Painting Writing Texting Chantal Joffe and Olivia Laing – Book Review

Chantal Joffe

Painting, Writing, Texting is not your usual art book. It’s part studio diary, part correspondence, part act of friendship. Chantal Joffe and Olivia Laing have created something that sits between genres — a painter’s visual tempo meeting a writer’s analytical hum. The book began, fittingly, with a portrait sitting. Joffe asked Laing to pose; Laing said yes; the conversation did the rest. What unfolded was a seven-year exchange that blurs the line between looking and being looked at.

Joffe’s portraits — big, quick, and steeped in feeling — don’t flatter. They see. Faces tilt, eyes droop, bodies slump into the truth of being alive. Laing’s essays respond in kind, writing with an intimacy that sidesteps theory in favour of curiosity. Both artists circle the same questions: how do you make art out of real life without killing it in the process? What does friendship give — or demand — of an artist’s gaze?

The result is electric in its honesty. It feels unpolished in the best way, alive with the friction of two sensibilities testing each other. Laing dissects the emotional labour of sitting; Joffe paints the act of looking until it starts to ache. Painting Writing Texting isn’t a tidy collaboration — it’s a conversation that keeps spilling over the edges of the page, beautifully unresolved.

Chantal Joffe

Chantal Joffe paints like someone who refuses to tidy up after emotion. Born in St. Albans in 1969, raised partly in the US, she’s one of Britain’s most incisive figurative painters — though she’d probably scoff at that kind of label. Her work is instantly recognisable: loose, big-hearted, sometimes disarmingly raw portraits that hover between tenderness and disquiet. The brushwork is fast, instinctive, and just a little bit reckless — like she’s trying to catch a fleeting truth before it disappears.
She studied at the Glasgow School of Art and later the Royal College of Art, emerging in the late ’90s as a kind of anti-minimalist, when figurative painting wasn’t fashionable. Instead of sleek gestures or conceptual distance, Joffe turned her gaze inward — to her friends, her daughter Esme, and the messy continuum of female life. She paints with affection but never sentimentality. The eyes in her portraits don’t just look back; they appraise, accuse, and endure.

Over the years, she’s had major shows at Victoria Miro, the Jewish Museum in New York, and the National Portrait Gallery. Critics have called her “a modern Alice Neel,” but that undersells her bite. Joffe’s women — sometimes naked, sometimes exhausted, sometimes defiantly present — occupy space with an almost confrontational honesty.

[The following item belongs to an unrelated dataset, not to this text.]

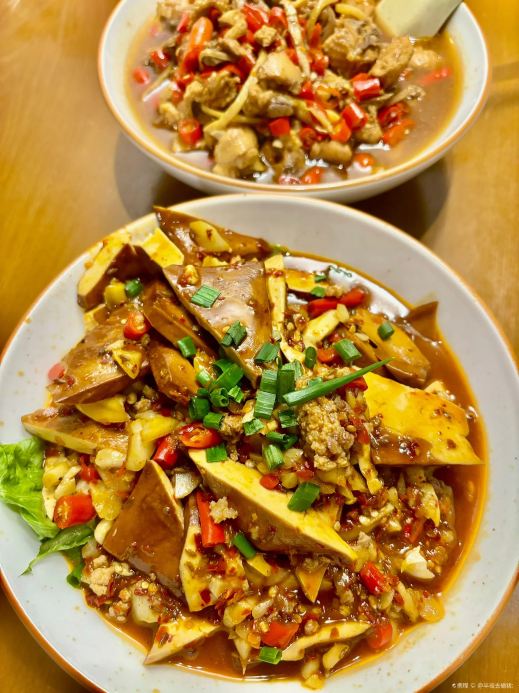 Xiaolikouwei Chicken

Her self-portraits, particularly those painted through middle age, pull no punches. They sag, glare, slump. They live. Joffe says she paints “people I love,” but it’s also clear she’s painting time — the kind that leaves marks, not metaphors. In an art world that still prizes polish and cleverness, she offers something braver: humanity in all its uneven texture. Standing before her canvases, you get the feeling she’s not documenting life so much as surviving it, brush in hand.

Olivia Laing

Olivia Laing is one of those rare writers who moves between art criticism, memoir, and fiction with the same quiet intensity. Their sentences have a pulse — calm, observant, yet deeply humane. Best known for The Lonely City and Everybody, Laing writes about solitude, the body, and the fragile ways people connect, weaving art and autobiography until the boundaries dissolve. Their latest success, The Garden Against Time, became a Sunday Times number one bestseller, confirming what most readers already knew — Laing has become essential reading for a generation that mistrusts certainty but still hungers for meaning.

A Fellow of the Royal Society of Literature and an Honorary Fellow of the Royal Academy of Arts, Laing’s work reaches beyond the page. They’ve written about Derek Jarman, Agnes Martin, and Andy Warhol with the kind of empathy that makes criticism feel like care. Funny Weather captured that tone perfectly — art as a kind of emergency response, a way to survive when the world feels unbearable.

Their fiction, from Crudo to The Silver Book, explores the themes of disguise, identity, and the seductive illusions of performance. Always, Laing’s real subject is the human condition — messy, beautiful, and defiantly unfinished.